HONG KONG (Reuters) - Mongolia-focused coal miner SouthGobi Resources Ltd (SGQ.TO) (1878.HK) said on Tuesday that it expects China’s state-controlled Chalco (2600.HK) to drop its $926 million takeover bid in the face of opposition from the Mongolian government.
The proposed deal has the backing of SouthGobi’s majority shareholder, Turquoise Hill Resources Ltd (TRQ.TO), formerly known as Ivanhoe Mines Ltd, but it faced opposition almost immediately within Mongolia, which is becoming wary about the growing Chinese presence in its mining sector.
“I personally believe Chalco is not continuing to work on the deal,” SouthGobi Chief Executive Alex Molyneux told Reuters.
“The evidence I have before me seems highly unlikely that the bid is going to go forward,” Molyneux said by telephone, citing Mongolia’s recent efforts to block the deal. “It’s 100 percent clear that Mongolia has made the deal impossible.”
Aluminum Corp of China Ltd (601600.SS), or Chalco, this month said it had decided to extend its offer for up to 60 percent of the common shares of Toronto and Hong Kong-listed SouthGobi Resources for the second time as it needs more time to “engage with the Mongolian government and review the terms and conditions of the transaction”.

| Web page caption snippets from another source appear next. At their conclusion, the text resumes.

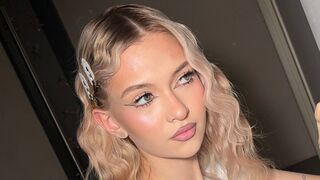 Free Nude FelicaTapper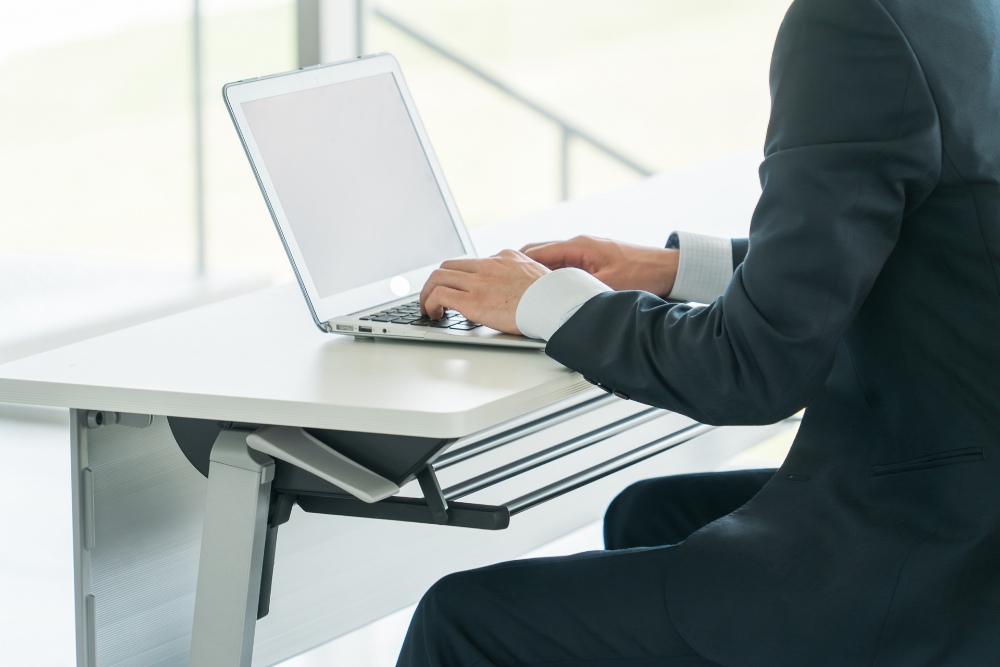 パソコンを操作する人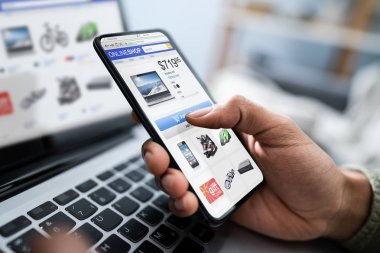 Bir işadamının'ın el Smartphone Online alışveriş yaparken Close-Up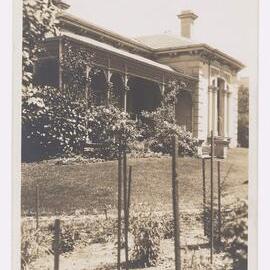 Residence for Lady Howse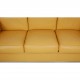 Le Corbusier LC2 3-personers sofa i karrygult læder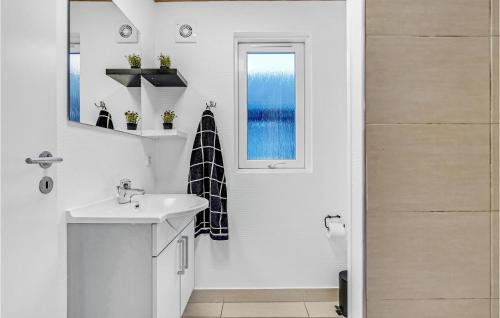 Koupelna v ubytování Stunning Home In Idestrup With Kitchen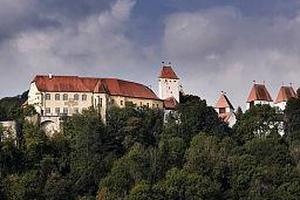 Vorschaubild Schloss Neuburg Hotel Neuburg am Inn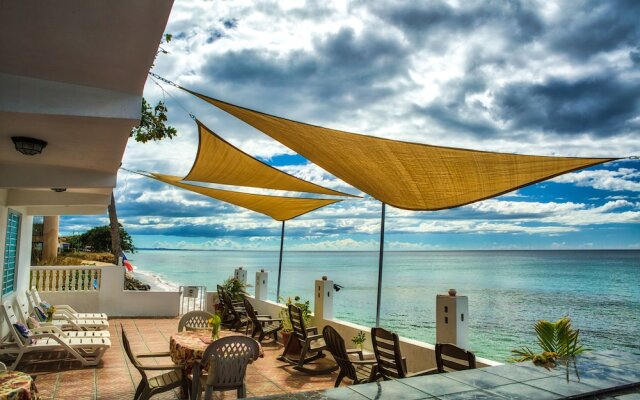 Coconut Palms Inn On The Beach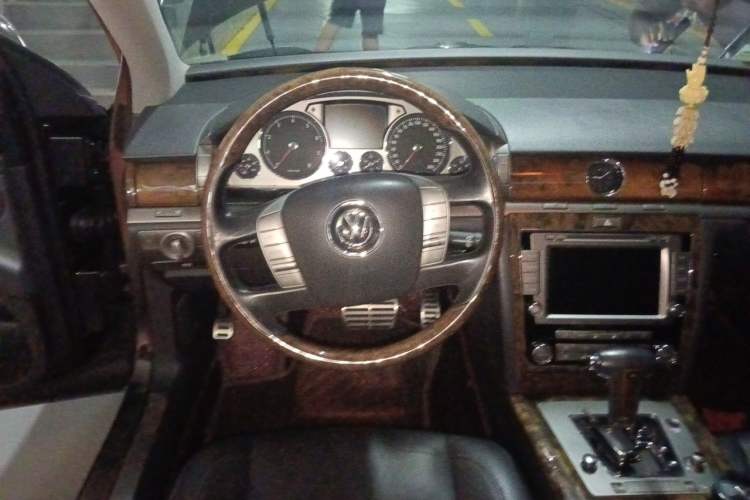 Used Volkswagen Phaeton 2011 3.6L V6 5-Seater Extended Business Edition Steering Wheel
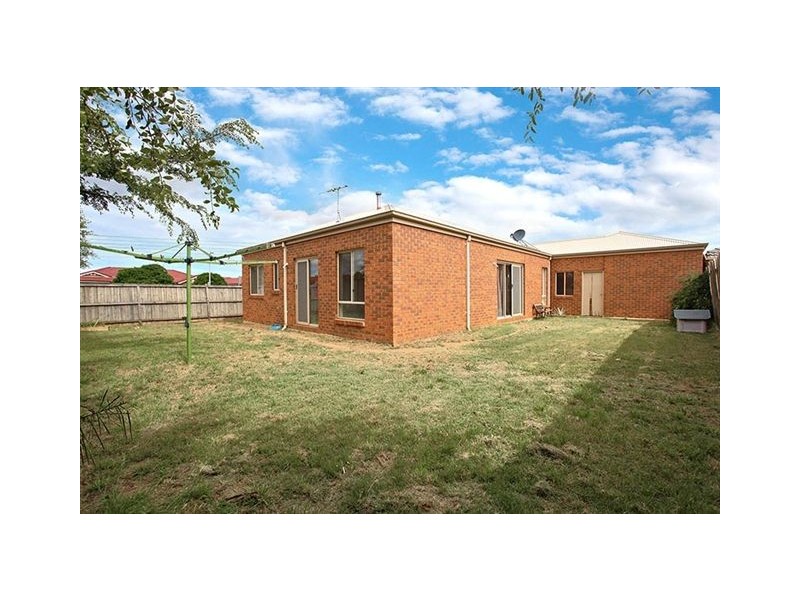2 Diamond Drive, Werribee VIC 3030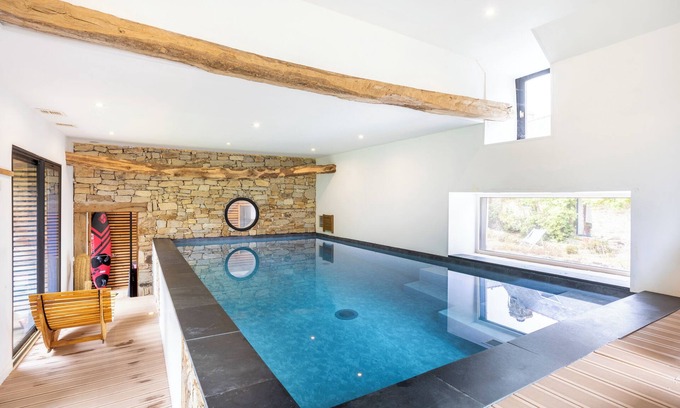 Confort-Meilars House | Holiday Home 'Avec Piscine-Cap Sizun' with Private Terrace, Private Garden and Wi-Fi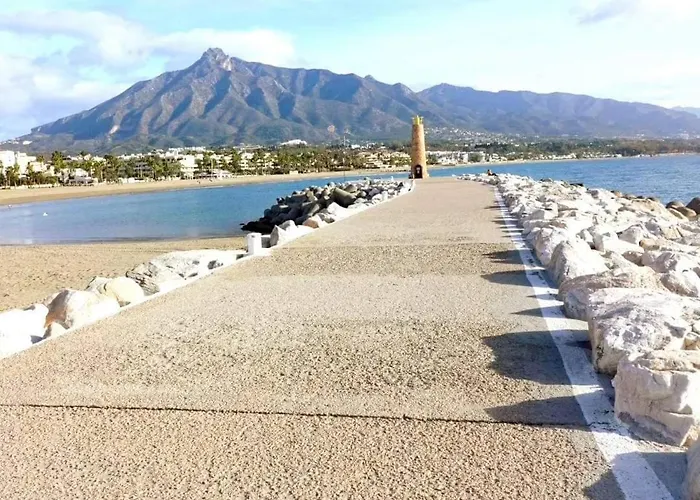 Cozy 2-bed 2-bathroom In Town Centre شقة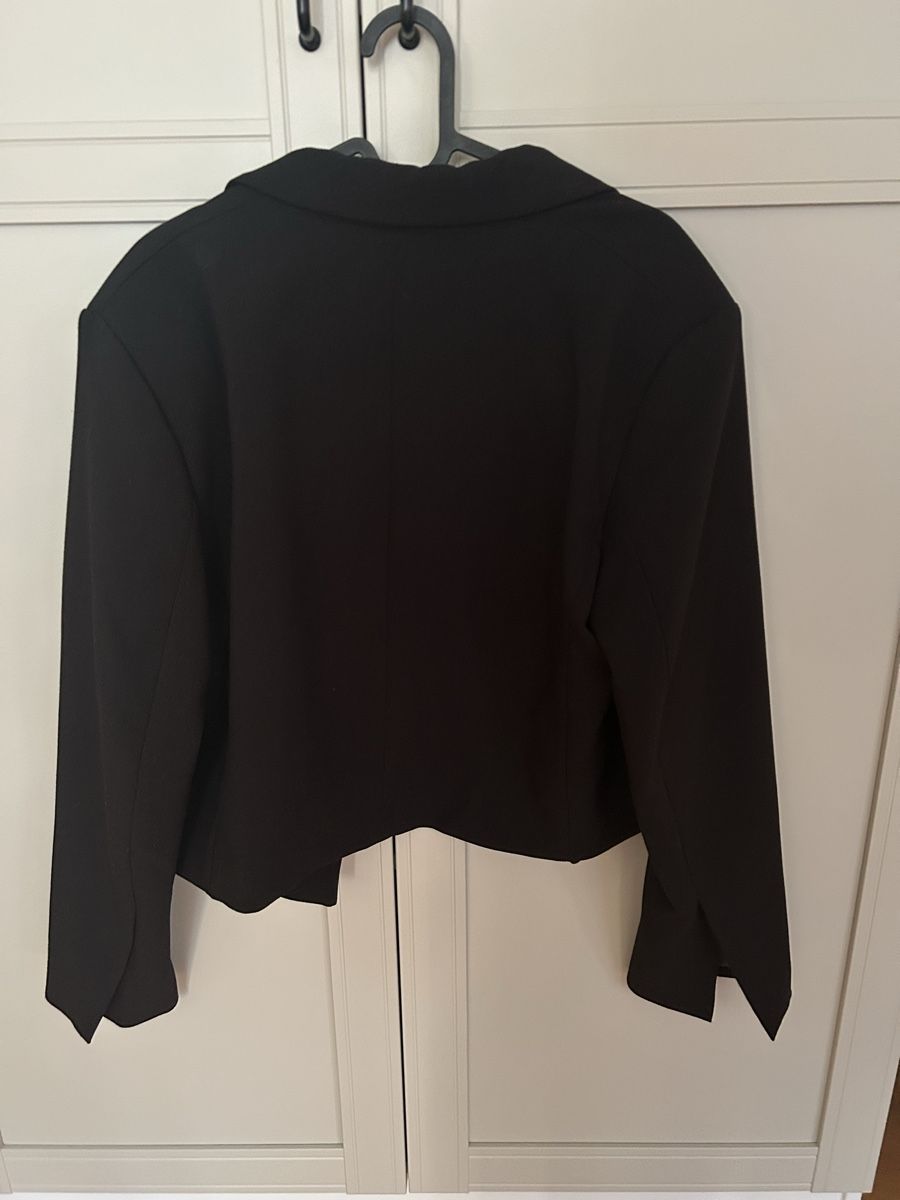 H&M Giacche: Kurzer schwarzer Blazer, H&M, Gr. 44 – Usato da Luzern venduto da bettygreen 2
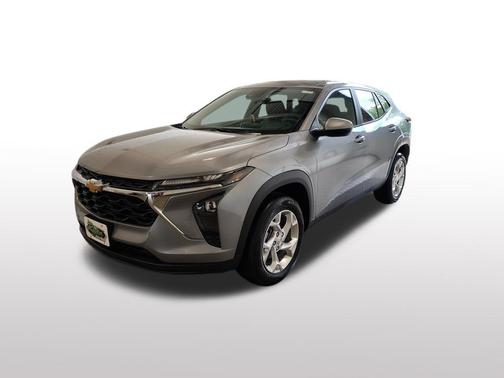 Sterling Gray Metallic 2026 Chevrolet Trax LS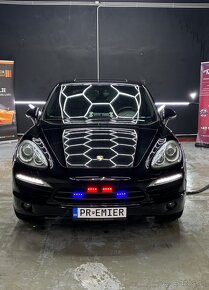 Porsche cayenne 3.0tdi 4x4 MOŽNÝ LEASING - 2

The company in April had announced the C$8.48-per-share bid for a controlling interest in SouthGobi, which owns large coal projects in Mongolia close to China, which has a huge appetite for energy and minerals to feed its giant economy.
Chalco has until September 4 to formalize its bid.
Mongolia, a former Soviet satellite landlocked between China and Russia, passed a controversial law in May aimed at capping foreign ownership in “strategic” industries like mining.
The law stipulates that foreign investors are allowed to own a maximum of 49 percent of companies involved in the mining, finance, media and telecommunications sectors before being subject to scrutiny by a government panel. The rule only applies to deals valued at above $75 million, or ones involving state-owned companies like Chalco.
But recent changes in Mongolia politics have raised hopes for a friendlier investment climate. Norov Altanhuyag of the Democratic Party was confirmed as prime minister last week. The Democratic Party, broadly in favor of the free market, is expected to comprise 75 percent of the new cabinet.
SouthGobi’s shares, which last traded at C$3.7 in Toronto, have wilted. Its Hong Kong-listed shares were down nearly 4 percent.
SouthGobi had had no formal contact from Chalco for more than a month, another sign that the deal will not happen, Molyneux said.
Chalco board secretary Liu Qiang, asked by Reuters whether Chalco was still pursuing a takeover, said she had no comment.
SouthGobi said late on Monday its second-quarter profit plunged on lower output after Mongolia suspended its mining license following Chalco’s bid.
Operations at its flagship Ovoot Tolgoi mine in the south of the country had been “fully curtailed” since June 30 and were not expected to resume in the third quarter, SouthGobi said.
The company’s second quarter net income attributable to equity holders fell to $237,000 from $67.3 million a year earlier.
“They (Mongolian government) have done everything in their power to roadblock the deal by the Chinese state company,” Molyneux said, adding that profits were also hurt by weakening demand for coking coal in China.
Chalco is the largest aluminum producer in China. It has been investing in coal, iron ore and electricity projects as the profit margin for its core aluminum business shrinks.
It said on Monday that it would buy a 35.3 percent stake in China’s Ningxia Electric Power Group Co for 2.02 billion yuan ($319 million).